In 2017 and following China’s aggressive behavior in the areas of economics, trade and security, President Trump returned the US to a dialogue with Japan, Australia and India (frozen by the Obama administration) whose original goal was to stop the Chinese attempt to effectively take over the East Asian economy . The article we attached, Can India replace China as the world’s factory ?, was written in 2020 but is also true today. The trade wars, the corona, the Russian invasion of Ukraine and the supply chain crisis of which China played a significant part, have led to a situation in which India is fast becoming China’s potential replacement as a center of development, production and exports and investors believe this.

India, yet, cannot fill China’s place in the global economy, far from it. China continues to be the most important center of global value chains. Developed countries are all still dependent on supplies from China for the production of products they consume and export, but India has already become the major support provider of the information revolution, of the medical industry, entering itself into the semiconductor and automotive industries. Her prime minister recognized the potential that had suddenly developed, “with the huge investments in infrastructure we are making, education reform and most importantly the rigid regulation we inherited,” says Moody, “we can close the gaps and faster than you think” Equally important to this move is the growing American commitment to what Americans see as a deliberate Chinese attack on the U.S. economy and security.

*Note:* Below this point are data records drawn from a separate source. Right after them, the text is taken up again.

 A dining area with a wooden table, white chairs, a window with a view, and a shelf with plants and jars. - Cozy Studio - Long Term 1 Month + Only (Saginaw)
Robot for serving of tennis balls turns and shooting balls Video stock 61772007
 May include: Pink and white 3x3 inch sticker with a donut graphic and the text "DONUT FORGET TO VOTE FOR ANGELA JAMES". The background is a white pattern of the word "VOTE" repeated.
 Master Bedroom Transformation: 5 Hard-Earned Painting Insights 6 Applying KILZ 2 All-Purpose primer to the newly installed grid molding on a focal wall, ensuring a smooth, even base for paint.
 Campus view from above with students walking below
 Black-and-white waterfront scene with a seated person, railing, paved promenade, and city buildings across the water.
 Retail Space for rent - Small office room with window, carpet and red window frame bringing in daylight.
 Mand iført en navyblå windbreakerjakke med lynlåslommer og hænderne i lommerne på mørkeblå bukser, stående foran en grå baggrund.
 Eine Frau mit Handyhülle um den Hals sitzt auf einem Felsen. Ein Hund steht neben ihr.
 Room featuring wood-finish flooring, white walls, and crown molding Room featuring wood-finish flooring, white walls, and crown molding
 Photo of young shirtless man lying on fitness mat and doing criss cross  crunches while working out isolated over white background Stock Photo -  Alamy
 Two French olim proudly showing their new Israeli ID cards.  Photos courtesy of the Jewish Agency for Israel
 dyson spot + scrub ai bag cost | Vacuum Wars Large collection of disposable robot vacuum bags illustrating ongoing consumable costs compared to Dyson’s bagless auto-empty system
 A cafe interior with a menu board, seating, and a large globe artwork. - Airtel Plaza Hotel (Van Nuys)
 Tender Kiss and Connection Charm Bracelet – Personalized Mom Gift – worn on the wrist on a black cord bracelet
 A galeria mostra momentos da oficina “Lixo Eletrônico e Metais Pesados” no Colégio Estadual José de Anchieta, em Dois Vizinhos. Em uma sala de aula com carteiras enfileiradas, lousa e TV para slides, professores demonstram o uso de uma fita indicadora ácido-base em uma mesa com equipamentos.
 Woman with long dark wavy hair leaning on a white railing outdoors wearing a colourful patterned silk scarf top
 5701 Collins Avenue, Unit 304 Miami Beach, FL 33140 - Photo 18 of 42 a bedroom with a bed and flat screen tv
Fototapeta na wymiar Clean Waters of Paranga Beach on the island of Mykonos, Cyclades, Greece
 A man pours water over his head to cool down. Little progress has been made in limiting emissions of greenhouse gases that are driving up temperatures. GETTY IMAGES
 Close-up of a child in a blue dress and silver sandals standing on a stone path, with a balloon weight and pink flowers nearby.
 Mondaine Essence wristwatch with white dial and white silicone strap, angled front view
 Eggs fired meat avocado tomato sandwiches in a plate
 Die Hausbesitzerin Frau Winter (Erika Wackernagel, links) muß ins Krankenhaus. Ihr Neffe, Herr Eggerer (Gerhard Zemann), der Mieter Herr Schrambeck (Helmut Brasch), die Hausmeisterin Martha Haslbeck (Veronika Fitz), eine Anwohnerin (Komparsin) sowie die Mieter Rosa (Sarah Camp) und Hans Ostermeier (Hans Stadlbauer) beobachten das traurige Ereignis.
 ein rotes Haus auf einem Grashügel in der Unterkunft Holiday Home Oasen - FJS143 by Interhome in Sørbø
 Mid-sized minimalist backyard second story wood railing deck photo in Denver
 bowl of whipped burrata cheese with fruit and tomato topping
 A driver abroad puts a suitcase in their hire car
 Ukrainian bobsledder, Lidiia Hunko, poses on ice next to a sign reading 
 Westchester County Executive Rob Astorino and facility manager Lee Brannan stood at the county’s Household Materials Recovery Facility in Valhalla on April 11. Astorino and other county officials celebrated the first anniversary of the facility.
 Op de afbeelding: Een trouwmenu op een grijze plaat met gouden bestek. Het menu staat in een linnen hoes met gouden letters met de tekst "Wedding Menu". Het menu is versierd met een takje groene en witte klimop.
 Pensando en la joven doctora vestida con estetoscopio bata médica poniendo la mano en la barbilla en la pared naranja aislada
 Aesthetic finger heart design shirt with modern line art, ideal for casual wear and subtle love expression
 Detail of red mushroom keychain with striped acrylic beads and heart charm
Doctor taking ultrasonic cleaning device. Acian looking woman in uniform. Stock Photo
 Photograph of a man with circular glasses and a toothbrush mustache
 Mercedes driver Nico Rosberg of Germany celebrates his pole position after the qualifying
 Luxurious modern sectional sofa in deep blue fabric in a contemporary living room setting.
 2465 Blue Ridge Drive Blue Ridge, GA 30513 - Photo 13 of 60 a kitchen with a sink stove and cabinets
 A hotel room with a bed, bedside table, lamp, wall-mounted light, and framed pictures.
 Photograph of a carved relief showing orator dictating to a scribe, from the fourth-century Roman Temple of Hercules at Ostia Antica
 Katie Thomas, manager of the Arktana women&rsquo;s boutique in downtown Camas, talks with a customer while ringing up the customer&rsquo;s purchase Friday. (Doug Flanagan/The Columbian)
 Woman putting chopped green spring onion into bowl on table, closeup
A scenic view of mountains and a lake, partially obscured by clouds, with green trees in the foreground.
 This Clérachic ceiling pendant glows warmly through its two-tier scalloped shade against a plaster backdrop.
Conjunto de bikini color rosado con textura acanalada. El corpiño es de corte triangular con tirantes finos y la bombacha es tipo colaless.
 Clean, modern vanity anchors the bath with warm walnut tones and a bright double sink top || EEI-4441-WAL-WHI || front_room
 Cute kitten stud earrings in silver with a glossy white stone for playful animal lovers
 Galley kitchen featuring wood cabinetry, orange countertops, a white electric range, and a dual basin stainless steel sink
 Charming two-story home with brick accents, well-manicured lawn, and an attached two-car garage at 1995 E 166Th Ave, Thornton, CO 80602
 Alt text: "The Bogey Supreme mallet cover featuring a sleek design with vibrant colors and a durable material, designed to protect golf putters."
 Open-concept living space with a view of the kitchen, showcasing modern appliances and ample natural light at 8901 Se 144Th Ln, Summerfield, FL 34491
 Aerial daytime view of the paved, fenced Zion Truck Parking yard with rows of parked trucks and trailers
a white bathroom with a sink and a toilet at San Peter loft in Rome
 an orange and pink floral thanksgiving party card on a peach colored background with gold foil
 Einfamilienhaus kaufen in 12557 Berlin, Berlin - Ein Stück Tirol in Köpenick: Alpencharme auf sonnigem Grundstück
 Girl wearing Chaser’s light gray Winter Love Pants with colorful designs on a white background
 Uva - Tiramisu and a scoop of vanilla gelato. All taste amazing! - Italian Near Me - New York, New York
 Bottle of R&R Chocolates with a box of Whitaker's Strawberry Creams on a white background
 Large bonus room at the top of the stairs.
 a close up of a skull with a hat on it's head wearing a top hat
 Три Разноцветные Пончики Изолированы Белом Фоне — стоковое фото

The World Economic Forum in Davos illustrates this in a big way. As Gautam Adani, the founder and chairman of the Adani Group, the giant Indian conglomerate, said, “in the absence of some global business grants and the oppressive atmosphere in the shadow of the Russian invasion, economic pressures, etc. India has emerged as the conference’s bright spot.” Huge companies like Goldman Sachs, Blackrock, JPM and more as well as leading politicians and gurus of various kinds “revived India the conference” with over 100 companies, dozens of leading politicians and other participants.

“India, for investors in assets,” said the founder of the prestigious Carlisle Investment Fund (NYSE: CG), David Rubinstein (whose investor must not miss his interviews in Bloomberg), “has recently become more attractive than China.” A Business Standard magazine representative concluded, “India has found itself at the center of many emerging dialogues, from climate change to crypto technologies. European business leaders have eagerly sought options for trade and investment diversification and India has been seen as the best option for most, thanks to its political stability and reformist policies. “India has managed to project itself as a politically stable, economically dynamic and growth-driven investment destination.” On the bold sentence, Moody (along with the US, Japan and Australia) builds the “China Replacement” route.

We therefore reiterate that India reaches a corner in the investment portfolio and only through a basket or fund from India-focused and preferably from the leading companies. Examples? The baskets INDA, INDY, PIN or NFTY and for those who invest in the euro there is INR.PA which invests in accordance with the Morgan Stanley India Index (TRS MSCI India) which includes the large and medium companies in India and whose performance, for some reason, is better than the rest, you can see in the index. By the way, these baskets, which have lagged behind the P&S index for the past five years, are steadily narrowing the gap and since the beginning of the year, they have all beaten the index (decreased less significantly).